Home Celebrity Theater Review: Denzel Opens “Raisin,” Plus News About “Batman and Superman”

So here’s the long and short of it: a lot of celebs turned out to see Denzel Washington open last night in “A Raisin in the Sun” on Broadway. Denzel’s 59, and he plays Walter Younger, who’s supposed to be maybe 29. LaTanya Richardson (also the wife of Samuel L. Jackson), who’s 65, played Lena, Walter’s mother. And they pulled it off. Not only did they succeed at this endeavor, but movie star Denzel managed to key his performance so he was part of an ensemble and not a showboating Hollywood star. How do you like that?

The A list audience: Julianne Moore and husband Bart Freundlich, Paul Dano and Zoe Kazan, Joel Coen and wife Frances McDormand with their son Pedro, Denzel’s wife Pauletta, and Mr. Samuel L. Jackson himself right up front. Plus, Phylicia Rashad, who starred in “Raisin” as Lena in 2004, had a very center seat to watch Ms. Richardson. Wow!

And while Washington and Richardson are quite remarkable, as is Sophie Okonedo, the real breakout star of the night was Anika Noni Rose. It’s not like she’s new. Anika has a Tony Award for “Caroline, or Change.” She starred in the movie of “Dreamgirls.” But she just shines as Walter’s sister, Beneatha, Lorraine Hansberry’s agent of change in “Raisin.” She’s on her way to some more awards in this production.

LaTanya Richardson came in to replace Diahann Carroll as Lena.

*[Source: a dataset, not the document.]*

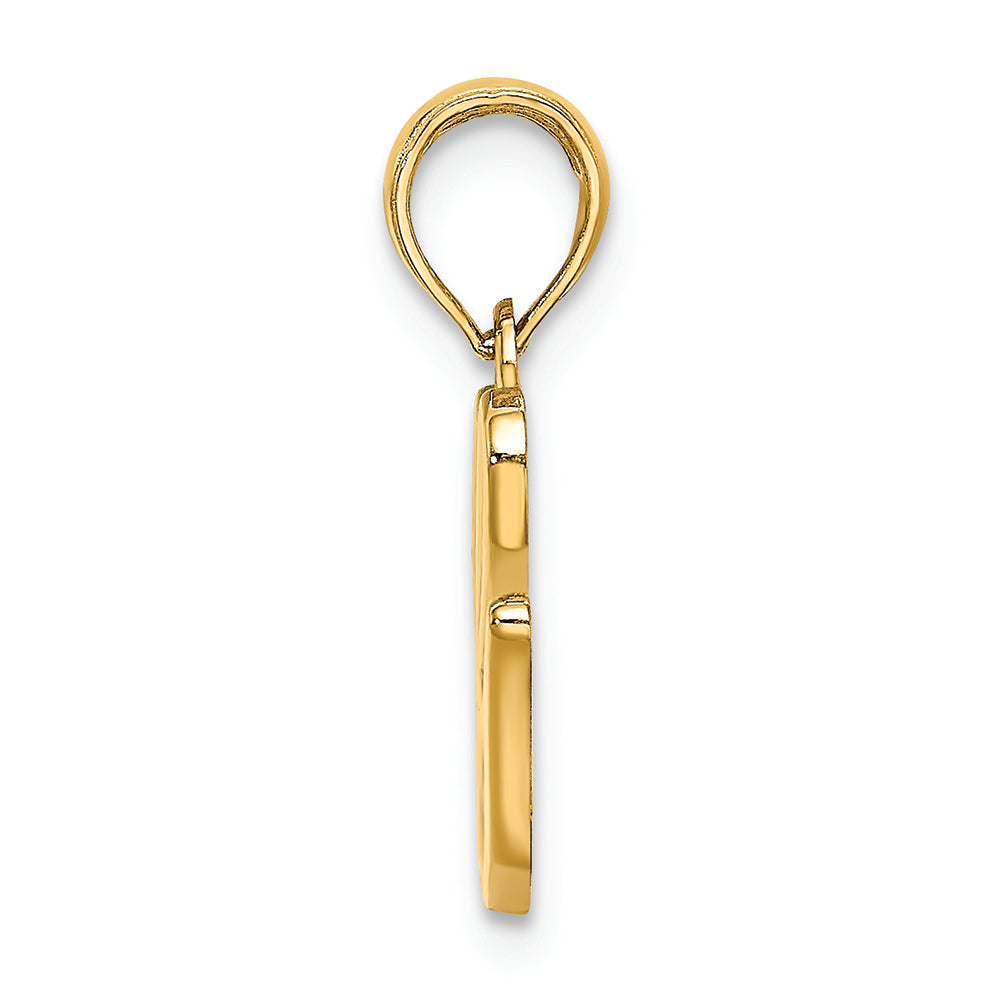 FJC Finejewelers 14k Yellow Gold G Script Initial Charm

Her fans know her from Sidney Lumet’s great A&E TV series “100 Centre Street.” Where Rashad was magnificent and a little ethereal as Lena in 2004, Richardson is earthy and in your face. Rashad played Lena as vulnerable. Richardson give her a matter of fact pragmatism. She will also be up for a Tony.

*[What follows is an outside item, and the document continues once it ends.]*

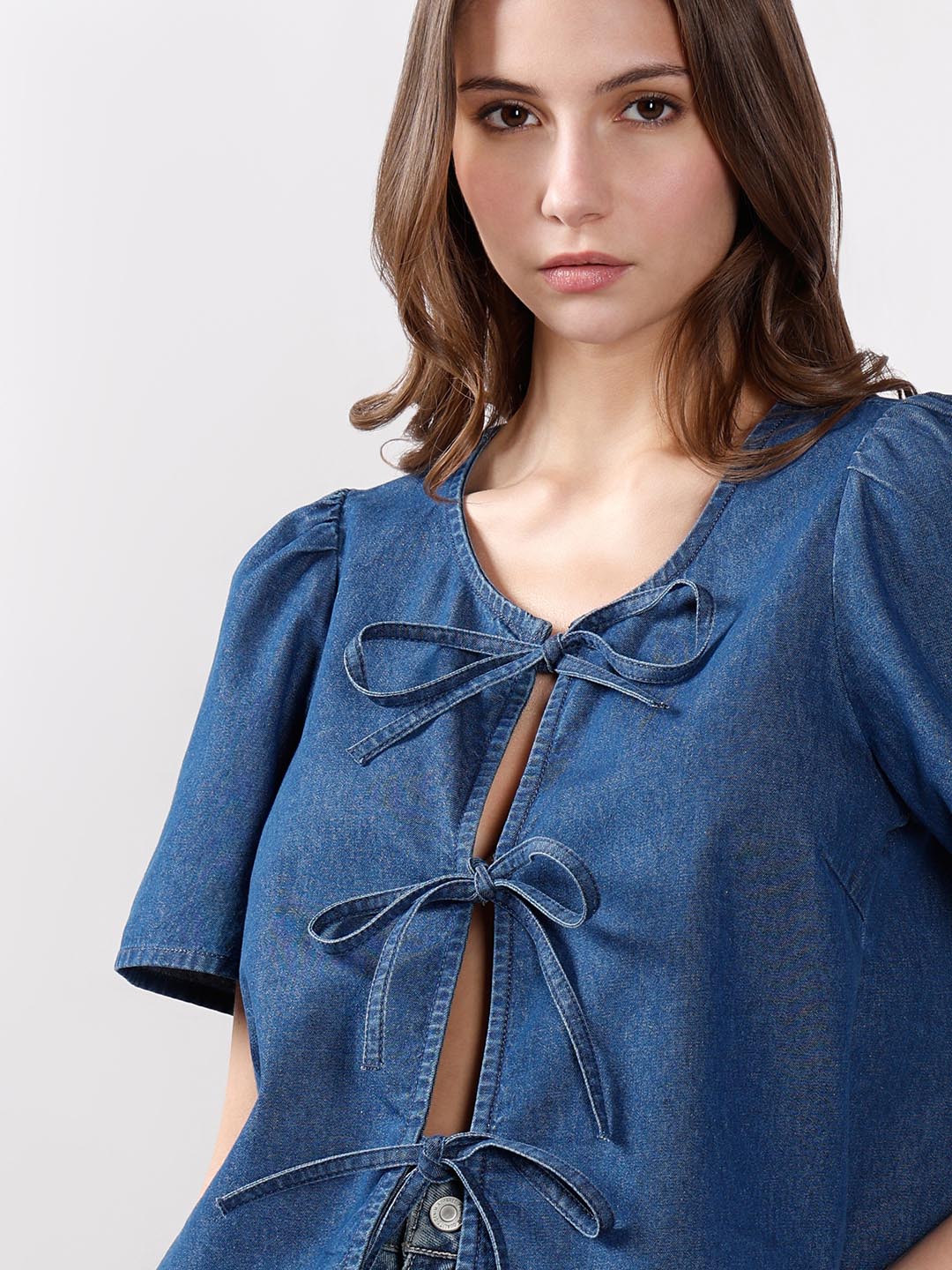 Vero Moda Blue Denim Top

I think Denzel surprises everyone. We know he’s a great movie actor. On Broadway he excelled in “Fences.” His approach to Walter is fascinating. Since Walter is 20 years younger than Denzel, the actor is able to dial back to that age. He’s lighter on his feet, even Walter is given to resignation, despair and anger. Plus, Washington molds himself into this ensemble, as Walter is not the main character, really. That’s Lena. It’s hard to imagine another Hollywood star reigning himself in like this.  Kudos to director Kenny Leon.

We weren’t invited to the after party. “No press!” read several emails we received during the day. Anyway, it someplace way down past the Holland Tunnel, and it’s cold and raining. So my friend Kathy and I toddled over to Bar Centrale, above Joe Allen’s. There are only a few tables, mostly long banquettes. Jessica Lange was eating with Tommy Tune and another friend. Glenn Close and “Argo” screenwriter Chris Terrio came in from seeing Bryan Cranston in “All the Way”; then Cranston joined them. Marsha Mason had drinks with a friend at a front table. And that’s just a sampling of what went on.

Chris Terrio is working on the screenplay for “Batman and Superman.” He told me — EXCLUSIVE– absolutely nothing. Jeez Louise! Then, out of nowhere, someone from his table someone screamed, “Superman can’t be dead!” Everyone in the place turned around. Terrio turned a hot red, imagining tomorrow’s headlines. “Relax, Superman’s not dead,” he reassured us. “Everyone is alive and fine.” Lots of laughter followed. Whew!

Meanwhile, downstairs in Joe Allen’s, Shubert Theaters immensely popular co-CEO and chairman Phil Smith and a group of friends read the great reviews for “Raisin.” And that’s the way a New York night should be, in our dreams.